Reardon did not have his sidearm unholstered until she lunged at the other girl, and then he fired.
Critics of this shooting after this footage was released attempted to make this sound like it was ordinary. No, it wasn’t a fistfight or a typical scrap between kids. This incident involved a deadly weapon. In 2019, there were 1,476 people murdered with a knife or cutting instrument (compared to 364 with rifles, including AR-15s, but I digress).
Someone attacking another person with a knife is a lethal use of force, period.
Reardon’s awareness of what was going down and his accuracy speaks volumes about his professionalism. His actions saved at least one life, possibly two.
People have asked why he didn’t use non-lethal force.
He did not have time to reach Bryant, for starters, and even if he did, he might not have stopped her before she stabbed the other girl.
Tasers are not always effective, and he needed to stop the threat.
People ask why he didn’t shoot her arm or leg. Again, that may not have stopped her in time, and people who ask that question watch far too many movies. That isn’t real life. Reardon had to act quickly. Police officers, soldiers, and civilians who carry are trained and practice aiming center mass. Why? It’s the largest part of someone’s body, and shooting and hitting someone who is moving while you are under stress is incredibly hard. Aiming for anything other than center mass also increases the chance that he hits an innocent bystander (like the girl who was being attacked).
Some have asked why he shot four times, why not just once? Because he needs to stop the threat. He did not have time to wait and see if one round was going to be enough. His first-round could have missed, and if he waited, she might have reached the other girl. He fired until she was down and no longer a threat.

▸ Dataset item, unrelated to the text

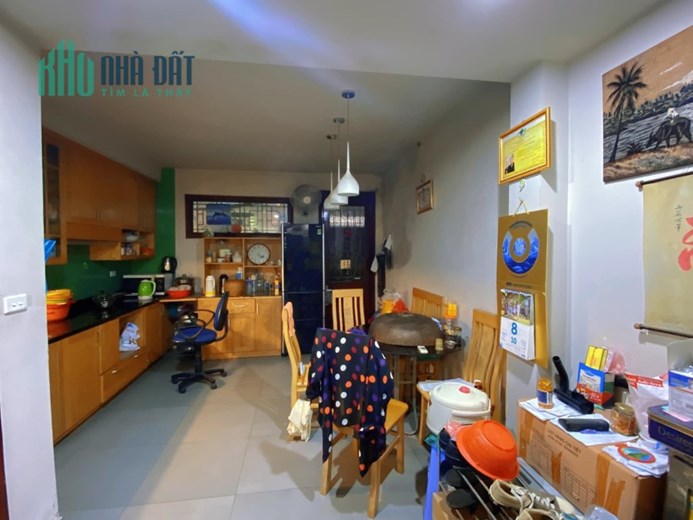 Bán nhà phố Phạm Ngọc Thạch, phân lô, ô tô, kinh doanh, 2 thoáng trước sau, 77m2, 4 tầng, 15,2  tỷ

Its standard protocol in every police department and in state laws that use of force is allowed when you are under threat of lethal force, or someone else is under threat of lethal force.
He did not have time to deescalate the situation. He had to act. He could not let Bryant stab the other person with a knife.
While, yes, there are too many police shootings, and any loss of life is tragic. Unfortunately, not every police shooting can be avoided, and bad shootings are the exception, not the norm. Just because Bryant was black and Reardon was white does not mean the shooting was unjustified, and it doesn’t mean it was unavoidable. Attempting to force this shooting to fit a narrative does not help advance police reform, something I believe in; it does the opposite.
Reardon is not Chauvin. The preliminary evidence shows that he followed protocol. Chauvin did not. Reardon had seconds to act. Chauvin placed his weight on the neck of George Floyd and continued to do that for nine minutes. Reardon saved lives. Chauvin did not. Tying the two together is just dishonest.
They are not the same, and people need to stop treating them the same. It was an awful decision Reardon had to make, one that I’m sure he wished he didn’t have to make, but one, if facing the same circumstances, he would make again.